DATA EXCERPTS:
++++++++++
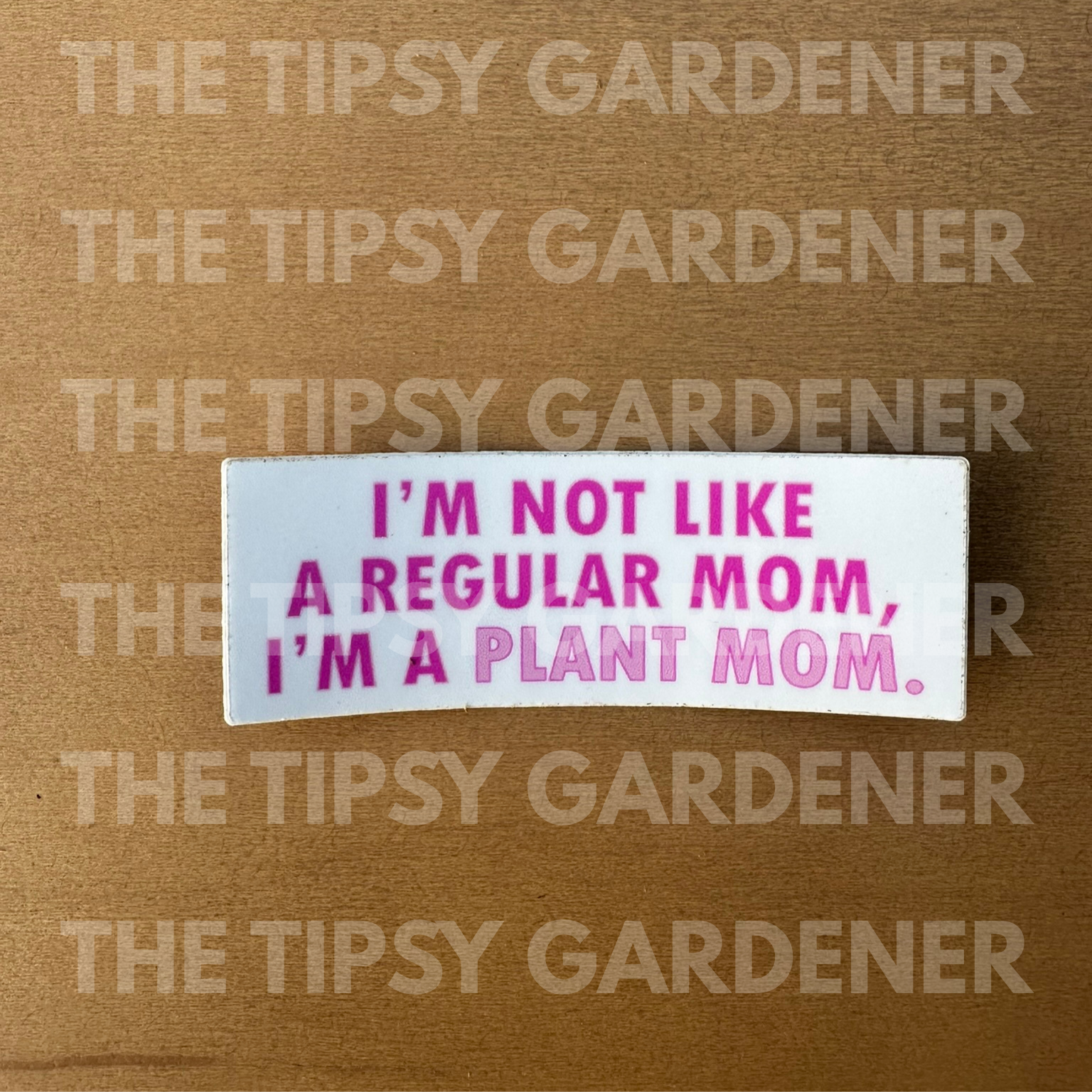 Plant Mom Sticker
++++++++++
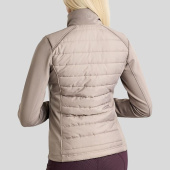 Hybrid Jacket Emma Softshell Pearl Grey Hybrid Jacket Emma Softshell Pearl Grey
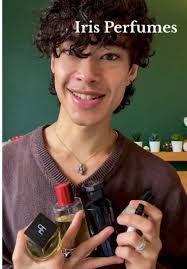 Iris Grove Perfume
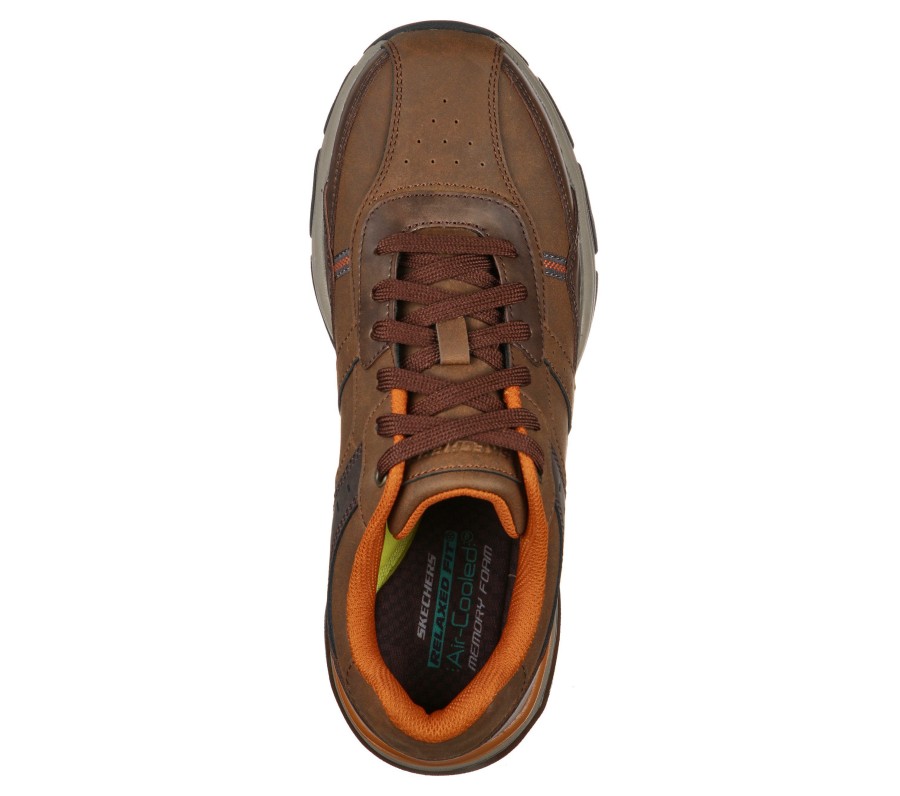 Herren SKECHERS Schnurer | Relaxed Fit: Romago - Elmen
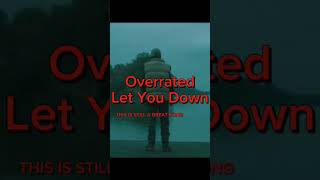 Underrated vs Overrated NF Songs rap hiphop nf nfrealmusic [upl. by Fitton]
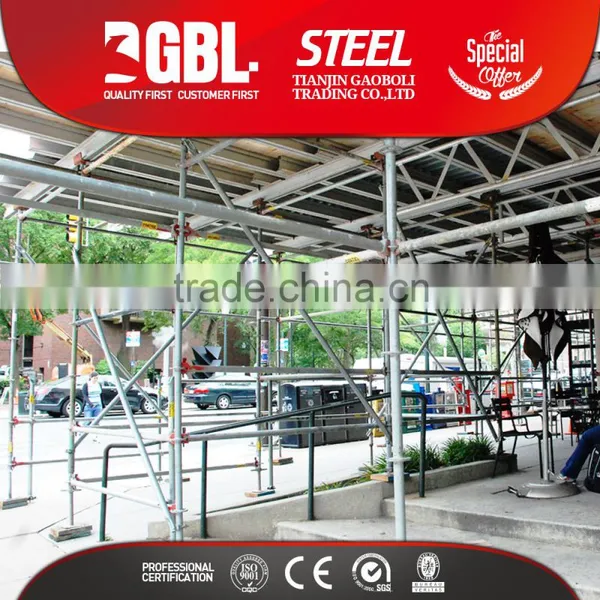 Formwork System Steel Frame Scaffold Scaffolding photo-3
++++++++++
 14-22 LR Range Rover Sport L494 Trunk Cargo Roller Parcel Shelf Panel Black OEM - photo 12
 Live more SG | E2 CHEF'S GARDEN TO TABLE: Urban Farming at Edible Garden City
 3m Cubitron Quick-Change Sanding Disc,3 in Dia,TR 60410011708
++++++++++
TASK OBJECTIVE:
What's needed is an exact copy of the records above from the line containing "Herren SKECHERS Schnurer" down to the line containing "Formwork System Steel", both included, without any pictures.

SOLUTION TO THE PROBLEM:
 Herren SKECHERS Schnurer | Relaxed Fit: Romago - Elmen
 Underrated vs Overrated NF Songs rap hiphop nf nfrealmusic [upl. by Fitton]
 Formwork System Steel Frame Scaffold Scaffolding photo-3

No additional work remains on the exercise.